- _Instructions to follow_
Your output should be the lines from the one with "Hey, this time" through the last line of the records below, exactly as written, minus the pictures.

The data: Begin

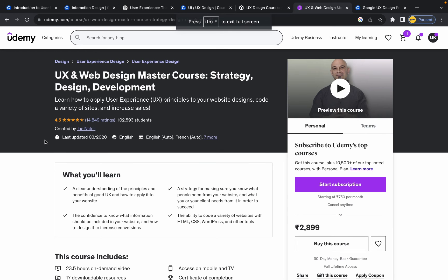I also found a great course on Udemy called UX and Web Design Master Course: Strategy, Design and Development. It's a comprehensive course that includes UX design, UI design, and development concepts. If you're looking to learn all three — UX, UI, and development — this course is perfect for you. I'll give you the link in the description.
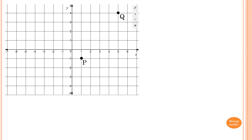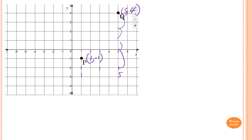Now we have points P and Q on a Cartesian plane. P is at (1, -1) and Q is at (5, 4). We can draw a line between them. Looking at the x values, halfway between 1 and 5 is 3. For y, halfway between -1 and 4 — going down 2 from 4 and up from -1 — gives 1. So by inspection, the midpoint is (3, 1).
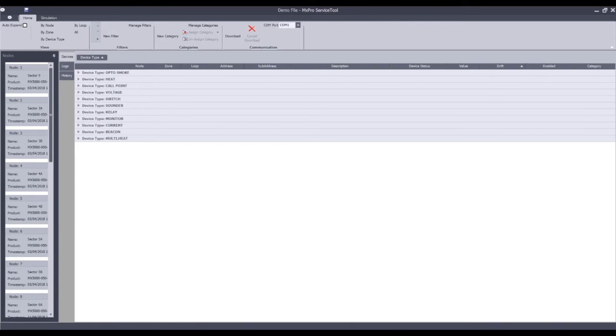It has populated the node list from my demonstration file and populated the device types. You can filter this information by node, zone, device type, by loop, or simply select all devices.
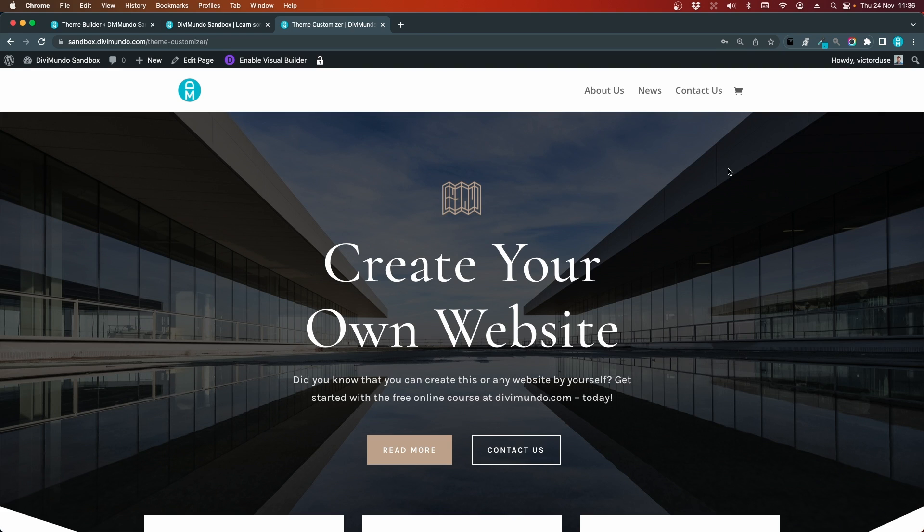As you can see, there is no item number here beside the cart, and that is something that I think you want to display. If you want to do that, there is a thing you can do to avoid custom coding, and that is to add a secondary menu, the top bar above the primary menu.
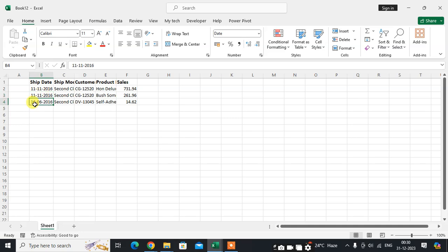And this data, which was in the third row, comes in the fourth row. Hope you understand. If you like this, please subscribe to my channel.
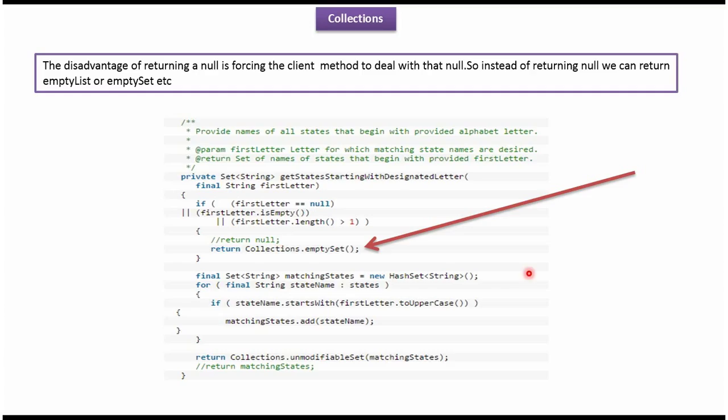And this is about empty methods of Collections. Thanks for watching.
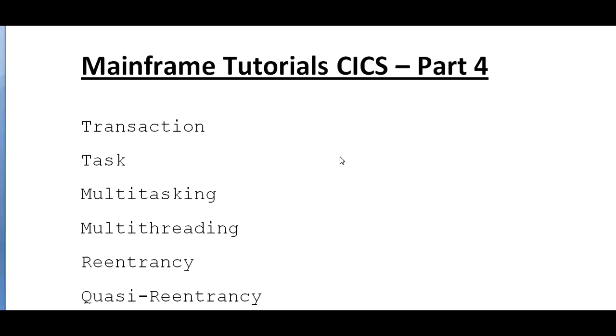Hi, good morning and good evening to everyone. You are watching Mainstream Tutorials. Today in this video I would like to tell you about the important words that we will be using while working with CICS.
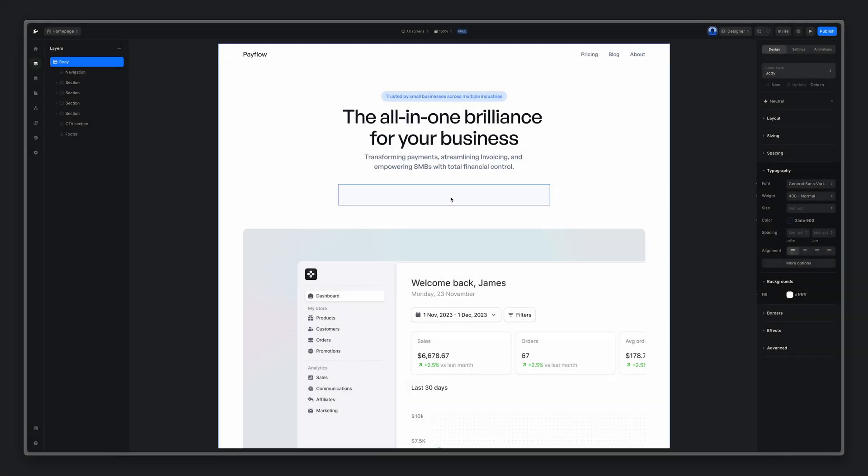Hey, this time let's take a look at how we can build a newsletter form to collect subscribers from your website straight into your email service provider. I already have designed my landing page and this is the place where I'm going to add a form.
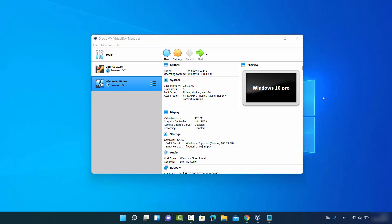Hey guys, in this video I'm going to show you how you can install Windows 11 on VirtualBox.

The data: End

- _Worked solution_
Hey, this time let's take a look at how we can build a newsletter form to collect subscribers from your website straight into your email service provider. I already have designed my landing page and this is the place where I'm going to add a form.
Hey guys, in this video I'm going to show you how you can install Windows 11 on VirtualBox.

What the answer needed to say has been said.